What would you do? I am inexperienced (first motor home) anyone experience of the company?

Thanks Dick


----------



## Mrplodd (Mar 4, 2008)

Seems like a reasonable deal to me BUT I would read the policy VERY carefully for the nasty things lurking.

Such as whether you must have it serviced annually at a main agents and whethere there are cluases that it must be done within so many days of the annual date or within so many miles etc. I have heard of horror stories where one chap had one of these ploicies on a car and they refused to pay out because he had it serviced a month EARLY !!!

Also check was is NOT covered, the list can be long and involve many parts that usually fail!

On a more positive note an alternator (which is usually a high output model on MH's) could easily set you back £250 

Like most things these days its "Buyer beware" If you want the peace of mind and dont mind the cost then go for it.


----------



## zoro (May 1, 2005)

Hi Dick
I had a 36 months gold package with them and made a claim for a repair in France.

They paid 80% of the bill which was over 1100 euro.

In my book that was good value
Steve


----------



## pj650 (Jun 2, 2009)

Hi Glandwr.

I have had very good experiences with this company 3 years ago. Firstly,the power steering rack failed.One phone call to MB&G. I was asked where I would like to have it done,which was our local garage in Gretna.They then contacted the gararage.All I had to do was to sit and wait a few days until it was done.Brilliant !
Next was the kitchen tap which went in France--quick phone call to MB&G--kept receipt and was re-imbursed within 4 days of being back home.
The integral bike rack hinges failed. It was repaired by Peter Hambilton,who did a brilliant job. Again,just a quick phone call to MB&G,and everything was sorted. I would only hope they are still as good now as they were then. I couldn't fault them. 
The warranty was in with the price of the van,so I can't say how much it cost but as the van was 10 yrs old I wanted some form of assurance for that 1st year. Incidentally,it's needed nothing since, other than basic service items.
You can only speak as you find,but for me they were vey good.


----------



## Solwaybuggier (Mar 4, 2008)

We had an MB&G warranty (silver) for 12 months included when we bought our van from Tyne Valley Motorhomes - covered a couple of things towards the end of the warranty - it may have helped that TV's then aftersales manager was ex-MB&G and was familiar with the policies.
We did extend it for 24 months, but to be honest it's not really paid off - it includes a lot on the base vehicle side, although not "wear and tear" stuff, but on the hab side there's a lot of exclusions, particularly if your van goes over 6 years old (I think it's 6.)


----------



## erneboy (Feb 8, 2007)

Dick, when Spinney were bringing Frankia vans in they were selling them without manufacturers warranty and instead they gave the Gold warranty from this company. I was not told that till after I had taken delivery of the new van, I was very unhappy. I was wrong the company are fine and have honoured claims without any problem. My three years will soon be up and I will renew. 

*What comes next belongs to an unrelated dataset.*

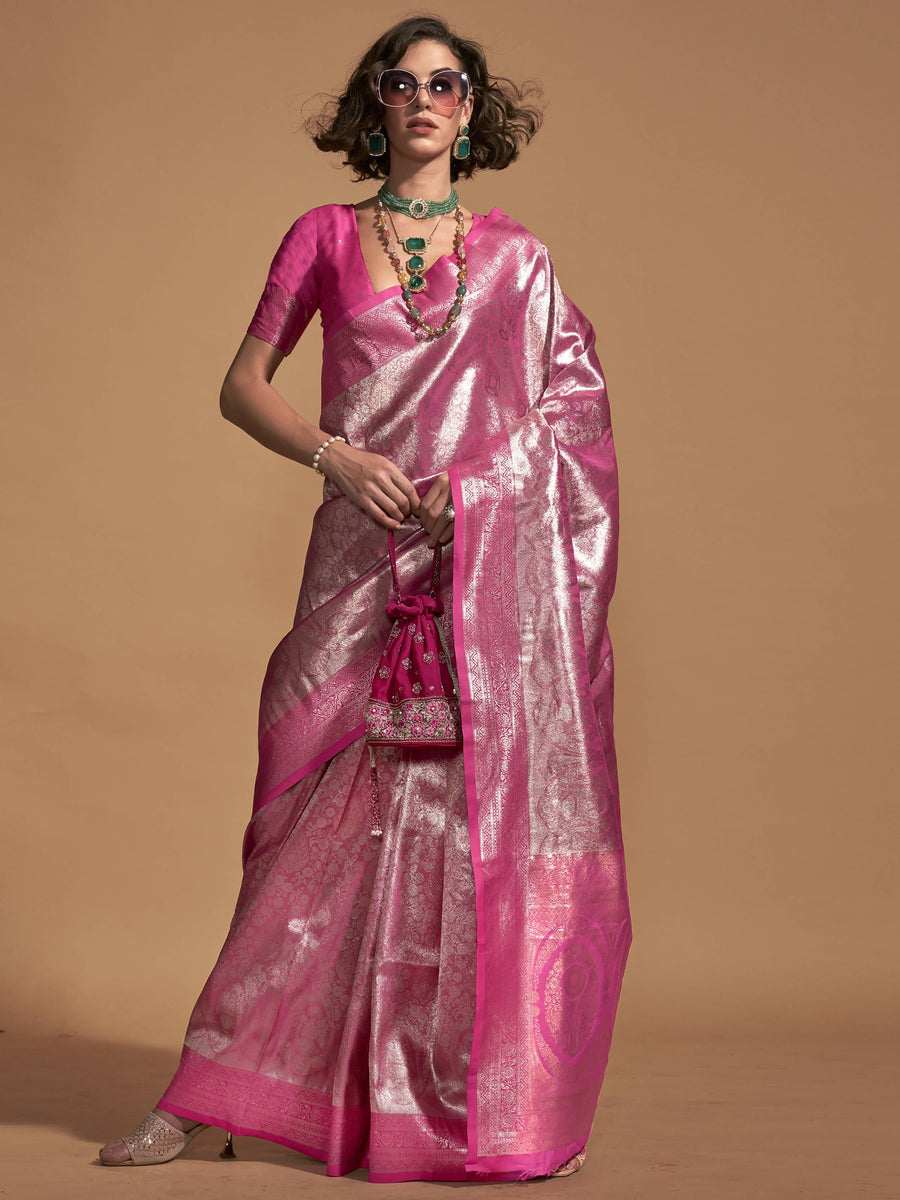 Pink silk saree crafted for elegance and style.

The only problem I would have with the deal you are being offered is the claim limit seems rather low. I don't know anything about how they deal with claims on the base vehicle as we still have Fiat warranty on that, Alan.


----------



## motormouth (Jul 3, 2010)

I have my MH covered with MB&G. I have not needed to claim from them as yet but was chatting to the service manager at my local caravan place and he spoke very highly of them. In his words they are one of the few warranty companies that seem to honour claims without much fuss.
There are of course exclusions in the policy but you will get that with any company, but the level of cover does look pretty good to me. 
I think you can go direct to MB&G and buy a policy online so it may be worth looking at that say in 12 months time. I would definitely go with the £1000 per claim for the first year.


----------